Bolloré ou le Cameroun au stade Germinal

Procès . Le groupe attaquait France Inter en diffamation pour un reportage sur ses activités en Afrique.

Par RENAUD LECADRE

Vincent Bolloré, négrier moderne ou patron social ? Le tribunal correctionnel de Paris vient de tourner autour de la question durant deux jours. Sur plainte en diffamation du groupe Bolloré contre un reportage diffusé l’an dernier sur France Inter, consacré à ses activités au Cameroun (plantations, chemin de fer et logistique portuaire) le présentant comme un «empire peu soucieux du bien-être et du développement local, héritier de la Françafrique». Réaction indignée de Dominique Laffont, numéro 2 du groupe : «En Afrique, nous sommes une entreprise citoyenne.» Les deux parties ont fait défiler des dizaines de témoins camerounais (syndicalistes, dirigeants, politiques, journalistes) à charge et à décharge. Happening à la barre.

Croûtons.

Laffont entame les hostilités : «Il y a peu d’actionnaires capables d’investir 200 millions d’euros par an en Afrique. Et pour gagner quoi ? Notre rentabilité est de 5%. La plupart des opérateurs en Afrique ne s’intéressent qu’aux télécoms et à l’énergie, 45% de marges. Pourquoi si peu investissent dans la logistique ? Parce que c’est un métier ardu.» Il est beaucoup question de salaires. Dans ses activités de transports, Bolloré rémunère ses employés deux à quatre fois le smic local. Ce n’est donc pas le pire des employeurs africains, loin de là. Mais c’est quand même un employeur africain : quatre croûtons de pain ne font pas une bonne miche. A chacun son syndicaliste. France Inter fait témoigner le responsable du syndicat de la fonction publique : «Bolloré licencie à tout va, distribue des salaires de misère, ne respecte pas les concessions et bénéfice de l’appui des pouvoirs publics qui volent à son secours à chaque difficulté.» Sauf que Bolloré n’emploie aucun fonctionnaire. Et de brandir en retour le syndicat des dockers : «Nous n’avons aucun souci, Bolloré est le meilleur employeur portuaire que j’ai connu.» Mais à trop vouloir démontrer… Le syndicaliste maison sort de sa besace l’équipement complet des dockers de Douala (combinaison, chaussures, gants, casque) dont certains éléments sont encore sous cellophane. Remarque amusée de Basile Ader, avocat d’Inter : «C’est neuf. Ça sort directement du magasin ?»

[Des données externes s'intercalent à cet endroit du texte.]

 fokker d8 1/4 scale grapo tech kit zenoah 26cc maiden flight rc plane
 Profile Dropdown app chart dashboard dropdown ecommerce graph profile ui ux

On passe au chemin de fer, la principale ligne entre la capitale, Yaoundé, et le nord du Cameroun ayant été concédée en 1999 à Bolloré. «Tous les bénéfices sont réinvestis,assure Dominique Laffont.L’actionnaire sacrifie ses dividendes.» Gouffre financier sous tutelle publique, la ligne est devenue rentable, à en juger par ses 15 millions d’euros d’impôts annuels sur les bénéfices. Quant à la qualité du service ferroviaire, faute de l’avoir expérimentée soi-même, il faut s’en remettre aux journaux locaux. Bolloré brandi l’Œil du Sahel : «Ce n’est pas encore parfait, mais c’est nettement mieux.» France Inter exhibe l’hebdo Germinal : «Les défaillances s’accumulent.» Réplique du président de Camrail, filiale de Bolloré : «Le directeur de Germinal sort de prison pour diffamation ; il a qualifié le Président d’homosexuel, une grave accusation…»

«Esclaves».

On termine sur les plantations de palmiers à huile, que Libération avait qualifiées, en mars 2008, de «Germinal sous les tropiques». Olivier Baratelli, avocat de Bolloré, s’est rendu sur place et vante ses écoles, ses centres de soin et ses maisons d’ouvriers en dur, pour dénoncer «la présentation misérabiliste et altermondialiste qui en est faite». Mais une photographe et un chercheur confirment ce que France Inter avait constaté : «Les ouvriers se surnomment esclaves, le directeur de la plantation reconnaît que les conditions de travail sont épouvantables.»